One year ago, tech real estate marketplace Zillow Group Inc. Z announced it was discontinuing its iBuyer division, eliminating its home-flipping business and cutting 25% of its workforce. This week, digital real estate brokerage Redfin Corp. RDFN has done the same, shutting down its Redfin Now division, eliminating its home-flipping business and cutting 13% of its staff. While many will see this as a sad sign of a faltering real estate economy, many real estate professionals are shedding no tears.
“The general consensus (among realtors) is ‘I told you so,’” Robert Whitfield, broker/owner at Advantage Realtors in Atlanta, told Benzinga. “A lot of people, especially in the general public, rely on companies like Zillow for marketing. The issue is that they take the data we pay for and then try and sell it back to us. I’ve never been impressed with their business model or marketing services. The fact is that if real estate agents pull their marketing money from Zillow, they’d fold overnight.”

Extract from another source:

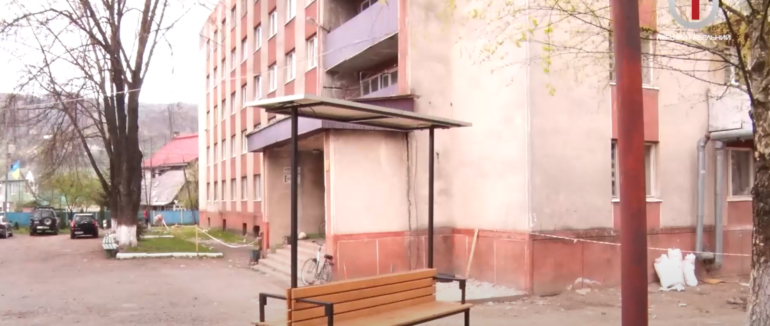 «Заряджай та відпочивай»: у Дубовому встановили смарт-лавку для жителів та гостей громади (ВІДЕО)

Zillow and Redfin, through their online brokerages and house-flipping arms, ended up competing with the same real estate agents they depended on for support and advertising dollars. Agents complained they were paying outlandish rates for marketing with Zillow and that Zillow’s and Redfin’s retail real estate business model undercut them in commission charges. Because of volume, the agents also said the online brokerages suffered in offering the same customer service that conventional real estate agents provided.
Redfin is one of a few real estate companies that put a lot of money into online home buying with the goal of making real estate transactions more seamless. But the company found that it’s a tricky business with customer demands exceeding their digital capabilities and the current market malaise.
“Redfin agents are cheaper for customers, compared to traditional agents, but they handle a lot more clients. So what you get is a lot less individualized support from your sale or purchase,” Whitfield, who has been selling real estate for 21 years, said. “They also undercut our listing fees to as low as a variable rate of 1%-2% per listing. I have never charged anything under 3%.”
Redfin, reflecting on what it hears in the marketplace, is setting future goals to make some customer service adjustments, according to CEO Glenn Kelman in a memo to employees. “We’ll show our true colors over the coming year by putting customers first and taking market share, as we have every year through good and bad markets.”
At the end of October, Redfin’s home inventory was valued at $265 million, with another $92 million under contract to sell. But the company expects to own less than $85 million in homes by the end of January and will dump its entire inventory by the end of the second quarter of 2023.
“Redfin has to unload properties because their algorithm was screwed up and they misjudged the market. Basically, they overpaid for properties — properties I would have never accepted to list in my business,” added Whitfield.